Bayesian data analysis & cognitive modeling

\[ \definecolor{firebrick}{RGB}{178,34,34} \newcommand{\red}[1]{{\color{firebrick}{#1}}} \] \[ \definecolor{mygray}{RGB}{178,34,34} \newcommand{\mygray}[1]{{\color{mygray}{#1}}} \] \[ \newcommand{\set}[1]{\{#1\}} \] \[ \newcommand{\tuple}[1]{\langle#1\rangle} \] \[\newcommand{\States}{{T}}\] \[\newcommand{\state}{{t}}\] \[\newcommand{\pow}[1]{{\mathcal{P}(#1)}}\]

key notions

(recap) 3 pillars of Bayesian data analysis:
- estimation
- comparison
- prediction
maximum likelihood estimation
Akaike's information criterion
- free parameters
- model complexity
Bayes factors
- Savage-Dickey method (next time!)

3 pillars of BDA

estimation

given model and data, which parameter values should we believe in?

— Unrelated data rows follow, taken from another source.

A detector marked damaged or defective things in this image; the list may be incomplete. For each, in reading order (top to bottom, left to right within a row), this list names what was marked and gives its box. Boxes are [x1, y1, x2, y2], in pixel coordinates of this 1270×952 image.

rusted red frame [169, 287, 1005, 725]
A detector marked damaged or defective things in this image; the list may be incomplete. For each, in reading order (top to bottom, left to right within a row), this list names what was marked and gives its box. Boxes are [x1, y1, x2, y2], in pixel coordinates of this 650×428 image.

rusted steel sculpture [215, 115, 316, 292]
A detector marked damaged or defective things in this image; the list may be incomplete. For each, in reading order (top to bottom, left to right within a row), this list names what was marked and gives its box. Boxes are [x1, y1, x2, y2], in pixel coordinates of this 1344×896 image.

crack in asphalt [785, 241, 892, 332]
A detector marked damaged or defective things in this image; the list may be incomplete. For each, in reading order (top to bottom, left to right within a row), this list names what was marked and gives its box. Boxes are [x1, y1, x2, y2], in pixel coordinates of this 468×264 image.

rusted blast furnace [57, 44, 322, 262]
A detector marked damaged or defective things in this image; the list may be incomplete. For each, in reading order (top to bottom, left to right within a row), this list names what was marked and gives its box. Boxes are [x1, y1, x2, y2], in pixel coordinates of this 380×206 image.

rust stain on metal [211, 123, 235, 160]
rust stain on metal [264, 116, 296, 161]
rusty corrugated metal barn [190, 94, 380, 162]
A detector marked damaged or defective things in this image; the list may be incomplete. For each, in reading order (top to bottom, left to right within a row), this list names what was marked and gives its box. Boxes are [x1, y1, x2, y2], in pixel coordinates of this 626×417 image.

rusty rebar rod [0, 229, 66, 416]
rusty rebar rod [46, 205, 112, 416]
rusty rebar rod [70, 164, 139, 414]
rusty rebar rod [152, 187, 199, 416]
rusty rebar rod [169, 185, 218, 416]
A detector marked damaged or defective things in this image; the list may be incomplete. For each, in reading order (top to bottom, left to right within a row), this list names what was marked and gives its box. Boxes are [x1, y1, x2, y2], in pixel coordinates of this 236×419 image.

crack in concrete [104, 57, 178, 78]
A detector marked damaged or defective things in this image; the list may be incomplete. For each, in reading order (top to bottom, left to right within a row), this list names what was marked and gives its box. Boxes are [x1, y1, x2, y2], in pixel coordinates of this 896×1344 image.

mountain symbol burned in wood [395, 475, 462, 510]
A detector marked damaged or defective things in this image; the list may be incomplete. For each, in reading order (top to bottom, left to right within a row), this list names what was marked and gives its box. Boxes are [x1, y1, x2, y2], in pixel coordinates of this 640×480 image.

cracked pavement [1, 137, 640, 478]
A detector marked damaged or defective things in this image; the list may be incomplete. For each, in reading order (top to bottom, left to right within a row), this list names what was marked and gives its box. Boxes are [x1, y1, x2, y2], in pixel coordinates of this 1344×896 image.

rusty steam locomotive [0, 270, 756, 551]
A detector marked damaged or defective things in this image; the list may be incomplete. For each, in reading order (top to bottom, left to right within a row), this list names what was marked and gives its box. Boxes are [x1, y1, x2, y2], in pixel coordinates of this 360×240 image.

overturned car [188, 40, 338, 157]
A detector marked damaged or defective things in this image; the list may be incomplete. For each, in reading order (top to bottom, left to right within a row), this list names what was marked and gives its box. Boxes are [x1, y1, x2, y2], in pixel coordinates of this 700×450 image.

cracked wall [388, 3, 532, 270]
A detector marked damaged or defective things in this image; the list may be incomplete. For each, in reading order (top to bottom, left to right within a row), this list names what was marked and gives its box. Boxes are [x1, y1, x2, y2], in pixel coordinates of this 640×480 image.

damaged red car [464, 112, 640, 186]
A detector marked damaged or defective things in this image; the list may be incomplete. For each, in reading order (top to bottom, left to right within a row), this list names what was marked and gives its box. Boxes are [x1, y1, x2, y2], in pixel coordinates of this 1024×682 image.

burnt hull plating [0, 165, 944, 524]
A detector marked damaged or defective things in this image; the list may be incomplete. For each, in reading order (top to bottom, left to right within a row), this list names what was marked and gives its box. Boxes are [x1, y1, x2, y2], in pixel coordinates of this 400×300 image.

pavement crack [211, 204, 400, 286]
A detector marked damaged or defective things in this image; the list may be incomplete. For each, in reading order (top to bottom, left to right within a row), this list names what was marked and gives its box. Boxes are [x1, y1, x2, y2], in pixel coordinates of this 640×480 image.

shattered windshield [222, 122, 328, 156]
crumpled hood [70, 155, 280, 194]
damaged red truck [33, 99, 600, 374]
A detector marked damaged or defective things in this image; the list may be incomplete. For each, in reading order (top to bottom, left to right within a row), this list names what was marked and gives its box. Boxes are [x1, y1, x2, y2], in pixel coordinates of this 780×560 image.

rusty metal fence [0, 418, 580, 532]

\[\underbrace{P(\theta \, | \, D)}_{posterior} \propto \underbrace{P(\theta)}_{prior} \ \underbrace{P(D \, | \, \theta)}_{likelihood}\]

model comparison

which of two models is more likely, given the data?

\[\underbrace{\frac{P(M_1 \mid D)}{P(M_2 \mid D)}}_{\text{posterior odds}} = \underbrace{\frac{P(D \mid M_1)}{P(D \mid M_2)}}_{\text{Bayes factor}} \ \underbrace{\frac{P(M_1)}{P(M_2)}}_{\text{prior odds}}\]

prediction

which future observations do we expect (after seeing some data)?

prior predictive

\[ P(D) = \int P(\theta) \ P(D \mid \theta) \ \text{d}\theta \]

posterior predictive

\[ P(D \mid D') = \int P(\theta \mid D') \ P(D \mid \theta) \ \text{d}\theta \]

requires sampling distribution (more on this later)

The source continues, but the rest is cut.